After two successive years of more than 20% gains for the S&P 500 — an achievement not seen since the late 1990s — Wall Street strategists anticipate a slower pace of gains for 2025. The S&P 500 was up about 24% in 2023 and 23.3% in 2024. Meanwhile, the Dow Jones and the Nasdaq gained 12.9% and 28.6%, respectively, in 2024.
Cooling inflation, a dovish Fed, an AI boom, a tech rally and improvement in corporate earnings have led the key Wall Street stock index to log more than 20% gains in back-to-back years. But will the rally continue in 2025?

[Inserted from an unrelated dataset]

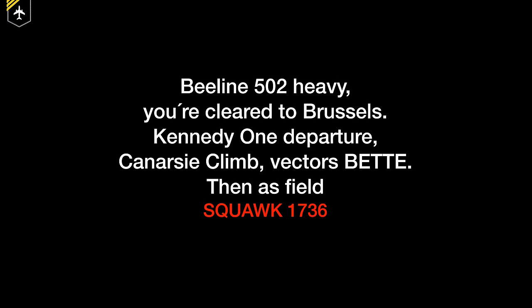Dear friends and followers, welcome back to my channel. Today's video will answer a classic question regarding the departure clearance: what is a squawk code and what is it good for? So let's get started!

Strong earnings across a broad range of companies and resilient U.S. economic growth are expected to support continued market gains in 2025. However, strategists warn of heightened volatility amid uncertainties surrounding Fed rate cuts and potential policy changes under a new Donald Trump administration.
“Bull markets can, will, and should slow their pace from time to time,” noted BMO Capital Markets chief investment strategist Brian Belski in his 2025 outlook. “This period of digestion accentuates the health of the underlying secular bull,” as quoted on Yahoo Finance.
BMO Capital also noted that year three of a bull market typically yields returns below the gains of the first two years and underperforms the historical average return for the S&P 500. Belski predicts a year-end target of 6,700 for the S&P 500, implying a 9.8% gain for 2025, which aligns with the index’s historical average return.
The median target among strategists is slightly lower at 6,600, with projections ranging from Oppenheimer’s bullish 7,100 to Stifel’s bearish “mid-5000s” call (read: What Lies Ahead for S&P 500 ETFs in 2025?).
While the “Magnificent Seven” tech stocks — Apple AAPL, Alphabet (GOOGL, GOOG), Microsoft MSFT, Amazon AMZN, Meta META, Tesla TSLA, and NVIDIA NVDA — drove much of 2024’s gains, their dominance is expected to moderate in 2025.
Earnings growth for these seven companies outdid the rest of the S&P 500 in 2024, but this margin is projected to narrow significantly in 2025. Goldman Sachs’ chief U.S. equity strategist David Kostin suggests that this shift could lead to more balanced performance across the broader market, as quoted on Yahoo Finance.
Strategists are optimistic about U.S. economic growth in 2025, with projections exceeding the Bloomberg consensus of 2.1% GDP growth. Lori Calvasina of RBC Capital Markets believes robust GDP growth could shift investor focus from growth to value stocks. Bank of America’s Savita Subramanian similarly favors “GDP-sensitive companies,” recommending overweight positions in Financials, Consumer Discretionary, Materials, Real Estate, and Utilities, as quoted on Yahoo Finance.